# Lionel 736 Problem: advice needed



## Bob B. (Feb 7, 2013)

I have been working on a Lionel 736 for a friend, mainly tune up & lube jobs. The engine has the characteristic of running much faster in reverse than in forward. The drive train turns easily in either direction and I suspect a problem with the brush springs and/or brushes as this is what Greenberg's repair manual suggests as the cause for this behavior. Does anyone
have any tips for troubleshooting this problem? I have the engine up on blocks, connected to the transformer by test leads. As I said, everything turns freely without binding so I think the motor is the cause. Thanks in advance for any advice anyone can offer!


----------



## Kwikster (Feb 22, 2012)

Very, very likely the issue is the commutator has too much end play allowing it to "walk" upwards towards the brush holder and binding it. The fix is really simple, get at least one (might need 2) 671-23M thrust washer, from somewhere like http://www.ttender.com/partslist.html or http://www.traindoctor.com/index.asp

Judging from what you say, the washer will need to go on the end by the drive gear. You may be able to find such a washer locally, but you need to take on old one to make sure it's not too thick causing binding later. My 681 had a lot of end play causing the same issue you describe. That was the fix.

Carl


----------



## TrainLarry (Jan 15, 2012)

The problem is a common one with 726/736 and other locomotives that use a similar motor/gear setup. It is caused by wear, running in the forward direction all the time. Usually the problem is worn axle bearings. Look at the rear set of drivers when the loco is running, and you will probably see that they shift to one side and possibly rub the frame. If so, the proper but very involved fix is to replace the axle bearings. A quick fix that many use is to put a thrust washer on the axle to keep it from shifting.

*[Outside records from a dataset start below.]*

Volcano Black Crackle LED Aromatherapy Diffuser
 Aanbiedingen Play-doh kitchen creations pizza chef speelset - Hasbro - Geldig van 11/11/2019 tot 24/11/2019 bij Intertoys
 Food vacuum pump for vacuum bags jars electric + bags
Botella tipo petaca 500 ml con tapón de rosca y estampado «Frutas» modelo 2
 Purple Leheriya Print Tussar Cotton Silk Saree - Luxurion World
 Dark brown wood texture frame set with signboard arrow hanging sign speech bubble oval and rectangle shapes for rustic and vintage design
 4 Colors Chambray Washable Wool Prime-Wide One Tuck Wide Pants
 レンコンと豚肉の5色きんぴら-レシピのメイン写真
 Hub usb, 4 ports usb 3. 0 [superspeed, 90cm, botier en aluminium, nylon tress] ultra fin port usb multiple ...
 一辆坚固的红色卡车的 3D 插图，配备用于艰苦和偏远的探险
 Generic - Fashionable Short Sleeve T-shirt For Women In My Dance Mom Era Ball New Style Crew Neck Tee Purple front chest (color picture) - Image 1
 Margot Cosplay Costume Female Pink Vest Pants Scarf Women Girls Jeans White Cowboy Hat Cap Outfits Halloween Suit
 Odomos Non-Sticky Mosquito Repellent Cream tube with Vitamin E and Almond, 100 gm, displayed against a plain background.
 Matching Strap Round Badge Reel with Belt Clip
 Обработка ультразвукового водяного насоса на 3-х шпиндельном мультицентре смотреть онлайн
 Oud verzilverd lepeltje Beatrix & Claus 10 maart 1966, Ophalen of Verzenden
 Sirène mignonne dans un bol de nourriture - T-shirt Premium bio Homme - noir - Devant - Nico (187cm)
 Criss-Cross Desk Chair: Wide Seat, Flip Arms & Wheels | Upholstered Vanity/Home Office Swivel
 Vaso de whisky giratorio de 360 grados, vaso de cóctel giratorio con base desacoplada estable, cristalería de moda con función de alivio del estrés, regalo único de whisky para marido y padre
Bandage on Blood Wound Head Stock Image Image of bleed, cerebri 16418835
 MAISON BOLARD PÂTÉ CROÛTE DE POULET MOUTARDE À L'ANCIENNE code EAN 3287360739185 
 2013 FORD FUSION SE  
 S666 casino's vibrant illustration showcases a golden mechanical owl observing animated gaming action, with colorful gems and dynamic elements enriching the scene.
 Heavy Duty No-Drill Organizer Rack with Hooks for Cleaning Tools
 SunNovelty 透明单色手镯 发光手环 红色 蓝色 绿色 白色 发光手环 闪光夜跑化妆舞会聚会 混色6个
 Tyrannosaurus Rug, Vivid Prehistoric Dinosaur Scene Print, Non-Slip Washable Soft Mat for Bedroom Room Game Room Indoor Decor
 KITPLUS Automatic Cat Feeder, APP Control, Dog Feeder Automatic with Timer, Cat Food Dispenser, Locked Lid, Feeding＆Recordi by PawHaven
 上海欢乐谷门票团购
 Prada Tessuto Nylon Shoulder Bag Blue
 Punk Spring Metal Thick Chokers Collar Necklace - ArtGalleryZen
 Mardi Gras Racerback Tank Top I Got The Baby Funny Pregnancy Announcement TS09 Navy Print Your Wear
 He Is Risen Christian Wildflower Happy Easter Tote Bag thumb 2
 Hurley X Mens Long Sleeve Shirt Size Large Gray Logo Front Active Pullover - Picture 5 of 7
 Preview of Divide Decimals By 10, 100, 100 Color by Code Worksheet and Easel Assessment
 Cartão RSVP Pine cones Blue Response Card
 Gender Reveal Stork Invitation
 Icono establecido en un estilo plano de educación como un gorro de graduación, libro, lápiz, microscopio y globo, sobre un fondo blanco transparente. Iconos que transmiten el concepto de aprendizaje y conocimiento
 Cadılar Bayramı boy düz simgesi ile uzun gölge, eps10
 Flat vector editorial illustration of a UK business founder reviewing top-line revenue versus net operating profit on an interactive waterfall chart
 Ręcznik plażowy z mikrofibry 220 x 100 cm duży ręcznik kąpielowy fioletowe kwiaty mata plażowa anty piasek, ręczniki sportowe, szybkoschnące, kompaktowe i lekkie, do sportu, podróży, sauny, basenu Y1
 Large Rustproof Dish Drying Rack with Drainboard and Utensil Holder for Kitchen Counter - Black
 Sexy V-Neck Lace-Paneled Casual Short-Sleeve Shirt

Some use a circlip, others have trimmed the flat plastic piece with a slot that is used to keep a loaf of bread closed. If the replacement bearing route is chosen, be sure to replace the worm wheel also, since you have to take it off anyway. 

Generally, the armatures on these motors do not have a lot of end play, but you can check yours to see.

Larry


----------



## Big Ed (Jun 16, 2009)

And if not any of the above, it could be the brushes too, like you say.
Have you looked at them yet?


----------



## Bob B. (Feb 7, 2013)

*#736 - Binding Drivers & Shifting Armature Shaft*

The solution to the 736 locomotive forward speed issue turned out to be two-fold:
the rear set of drivers was actually binding in one spot in the forward direction only which I thought was pretty weird. But prying the wheels apart a tiny bit on the axle stopped them rubbing on the frame while rotating in a forward direction. Second, the armature was indeed being forced up towards the brush plate when the motor turned in a "forward" direction. Placing a spacer washer on the bottom end of the shaft just above the snap ring and before the existing brass spacer washer stopped that movement completely. The combination of the two changes has made this engine run like a jack rabbit and the owner will be amazed when he first places it back on his layout. No more herky-jerky forward running! I will warn him because, even with the famed Magnatraction, this thing could easily leave the rails and "join the birds" as we used to say on the good ole Big Trees & Pacific. Thanks so much for the much needed advice about what to look for. I had previously serviced the brushes but didn't change the brush springs. They seemed pretty good and are now working well.


----------